Task prompt:
Would you set down the data that follows, word for word, without any pictures?

Data provided:
_ _ _ _ _ _ _
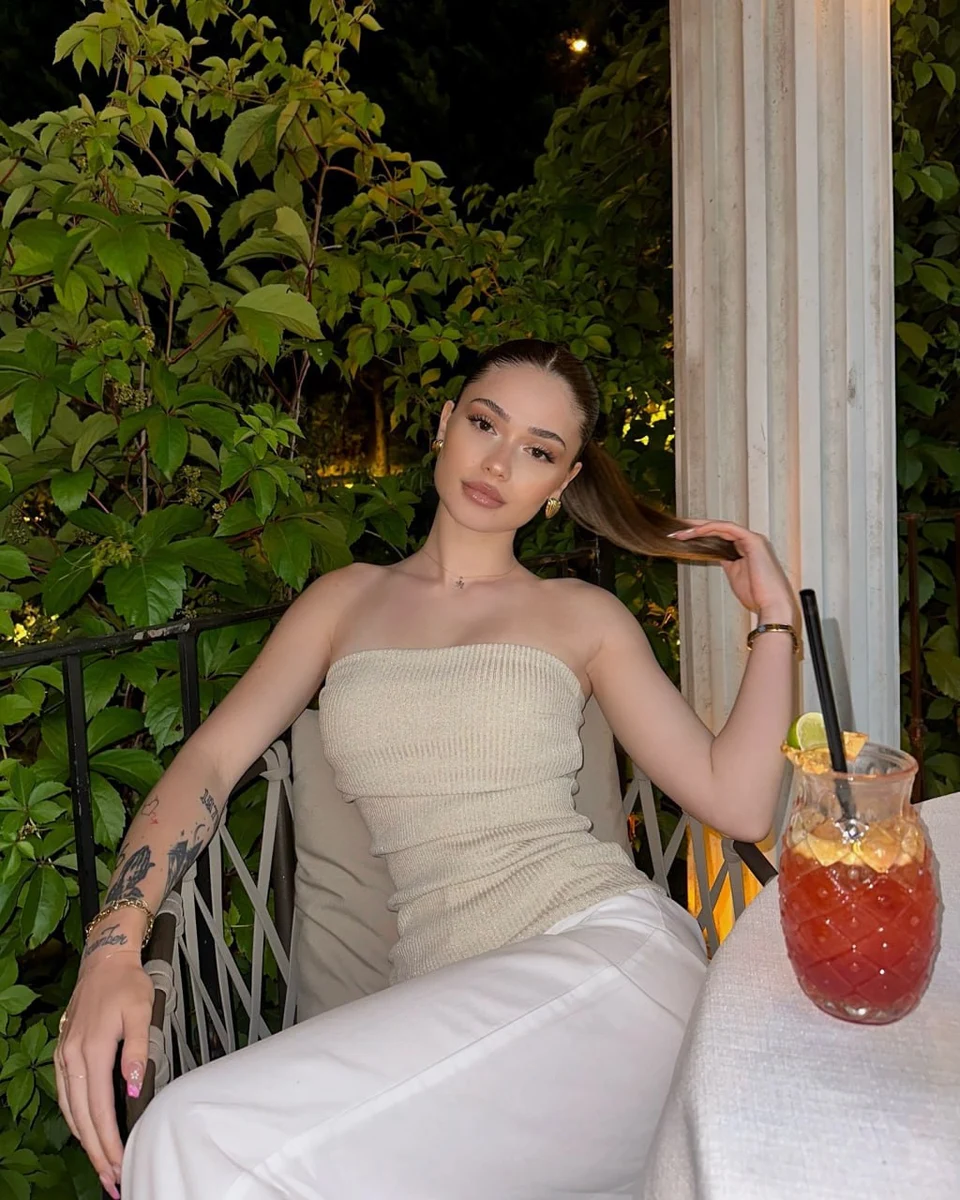 Ramona escort in Bangkok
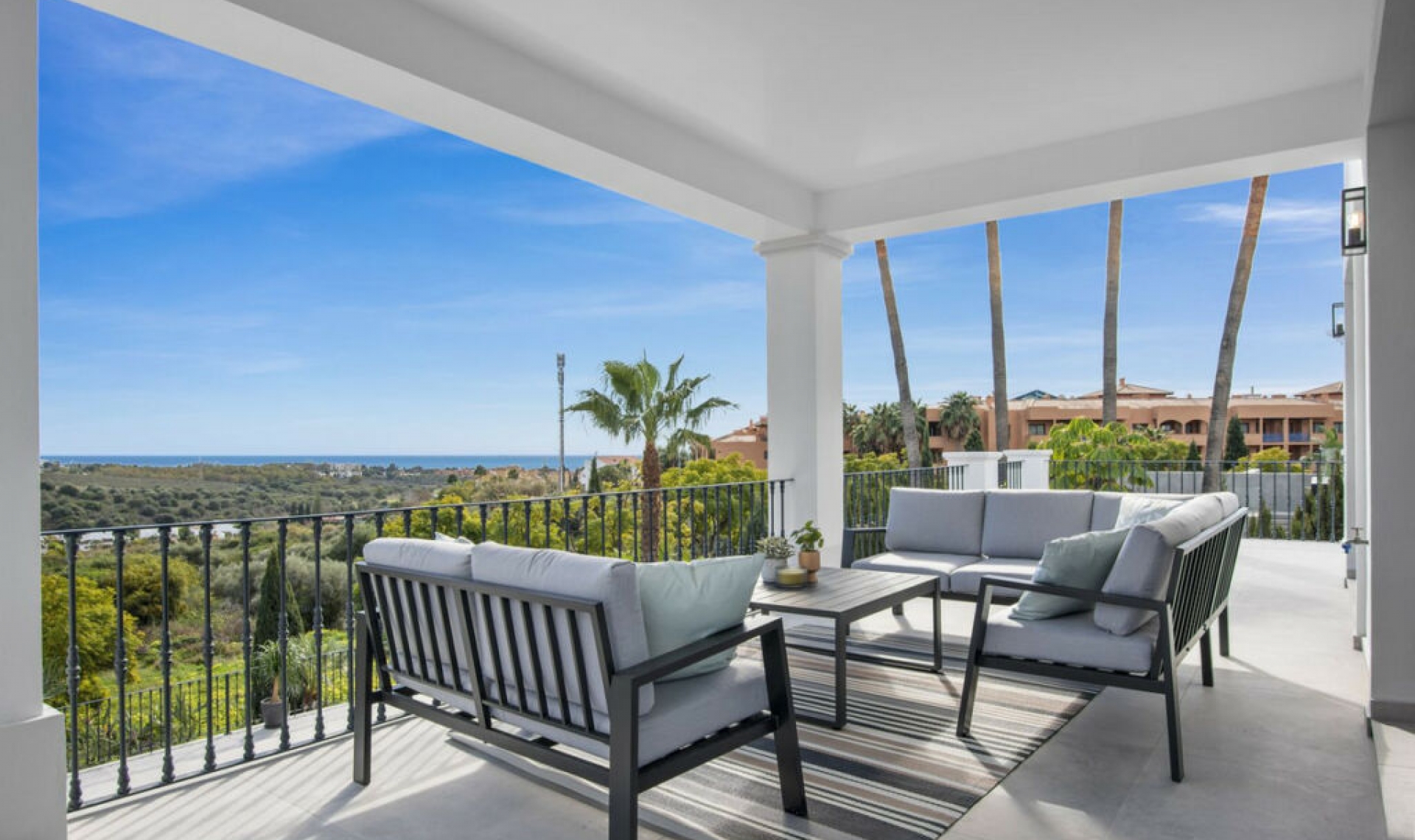 Resale - House -
Los Flamingos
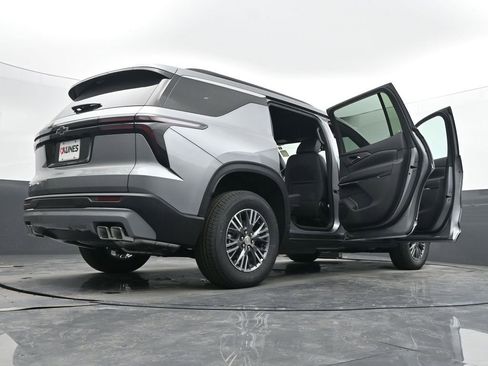 New 2026 Chevrolet Traverse LT w/ Driver Confidence Package image 65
_ _ _ _ _ _ _
Solution to this exercise:
 Ramona escort in Bangkok
 Resale - House -
Los Flamingos
 New 2026 Chevrolet Traverse LT w/ Driver Confidence Package image 65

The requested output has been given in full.